Fix: CLI agent answers survive captured-stdout truncation

Long CLI agent runs overflow the 200 KB captured-stdout cap. The capture kept the head of the stream-JSON output, dropping the terminal result event, so text extraction fell back to tool-result fragments and the engine’s context-free JSON repair persisted schema-valid but amnesiac rows. This surfaced live as investigation outputs claiming the task “was not present in the available context.” Four changes land together:
  • The capture now keeps the stream tail for CLI agents and reports truncation in its result.
  • The agent prefers the live interpreter’s completed answer, parsed before the cap applies, whenever stdout was truncated.
  • Token usage falls back to the completed event when the per-message usage lines were cut.
  • A warning event fires on truncation, and the JSON-repair prompt includes the original task.
Fixes #277. Commit 291a99157e.

Fix: bunx smithers-orchestrator output resolves camelCase output tables

bunx smithers-orchestrator output RUN_ID NODE_ID printed null for nodes whose output table schema key is camelCase. Node state stores the schema key verbatim while the physical table is snake_case, so the raw JSON lookup found nothing. The lookup now tries the stored name first and falls back to the snake_case translation only when no physical table with the stored name exists. A real camelCase physical table with a missing row still returns null rather than another table’s row. Fixes #276. Commit 61fbf19edd.

Fix: observability package dts build

apps/observability’s tsup --dts-only build failed because four metric names (snapshotsCaptured, runForksCreated, replaysStarted, snapshotDuration) were listed in the d.ts export block without declarations, keeping the repo’s faults CI job red on every branch. The declarations now exist and pnpm -r build passes. Fixes #275. Commit 1b3ccb8e73.

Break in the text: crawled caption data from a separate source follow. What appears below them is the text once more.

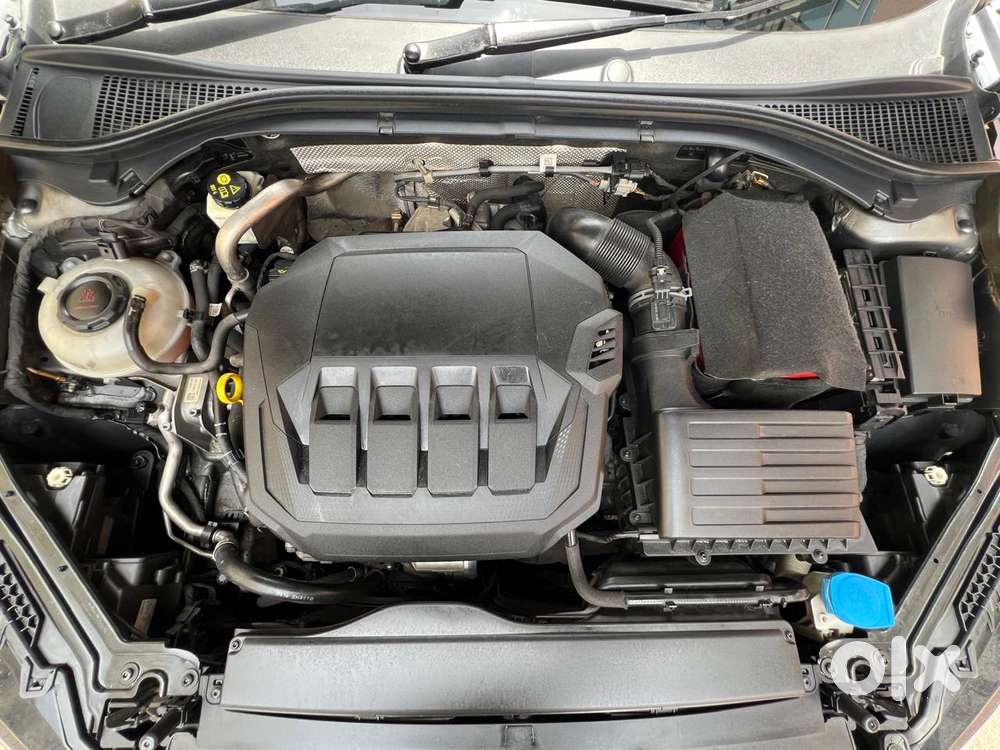 Skoda Superb 2.0 L&k Tsi At, 2020, Petrol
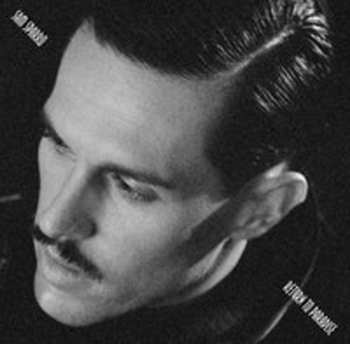 CD Sam Sparro: Return To Paradise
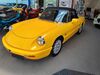 Alfa Romeo Spider dankmarshausen
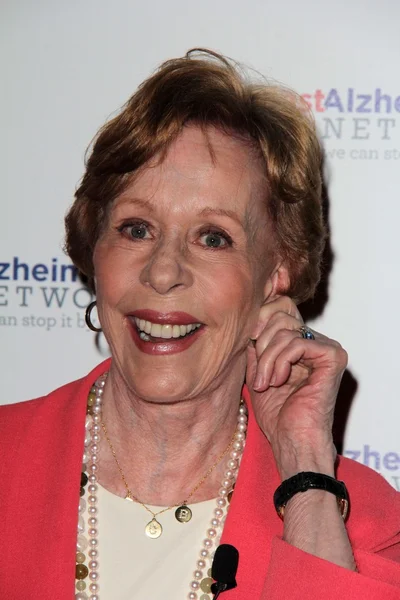 Carol Burnett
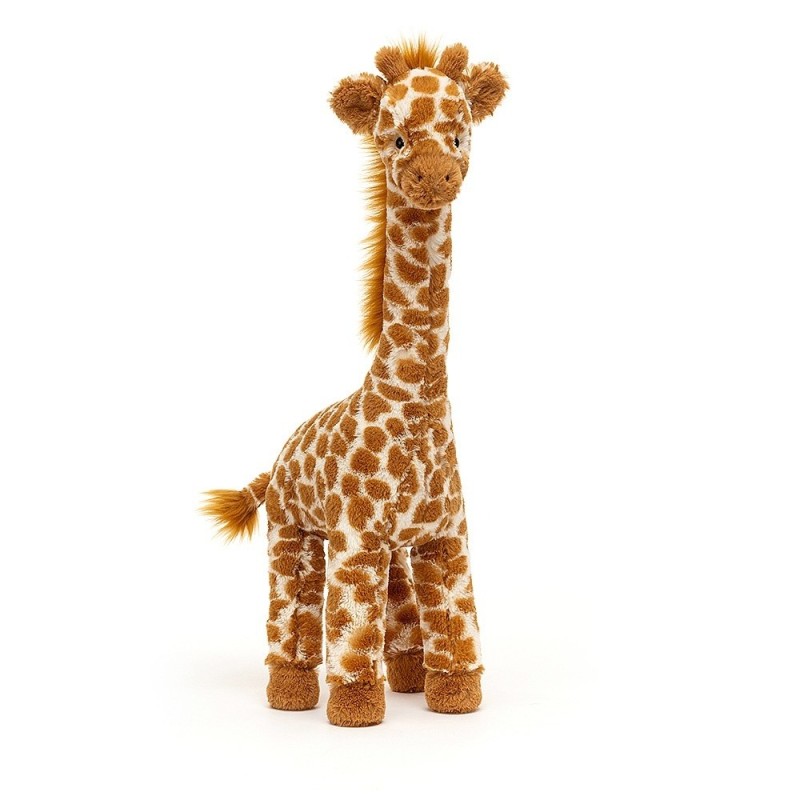 Knuffel Dakota Giraffe Knuffel Dakota Giraffe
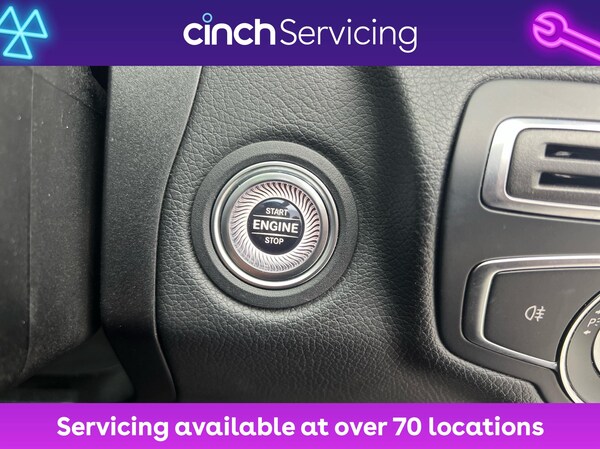 Used Mercedes-Benz C Class 2021 for sale - 76334292: Photo 41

Docs: agent-operated CLI framing and reference additions

The docs now state explicitly that a coding agent operates the Smithers CLI on the human’s behalf. The guide, quickstart, CLI cheatsheet, component pages, MCP server docs, and the agent skill were updated to make the division of responsibility concrete: the agent runs every command itself, relays approval and human-task prompts to the human in conversation, and submits the resolving command (approve, deny, human answer, signal) without asking the human to type Smithers commands. Installation remains the one step a human may run by hand. The reference docs also document the @smithers-orchestrator/review package and the sandbox:up / sandbox:down GCP VM scripts in the package-configuration tables. The generated llms.txt, llms-full.txt, and skill bundles were regenerated to include these changes.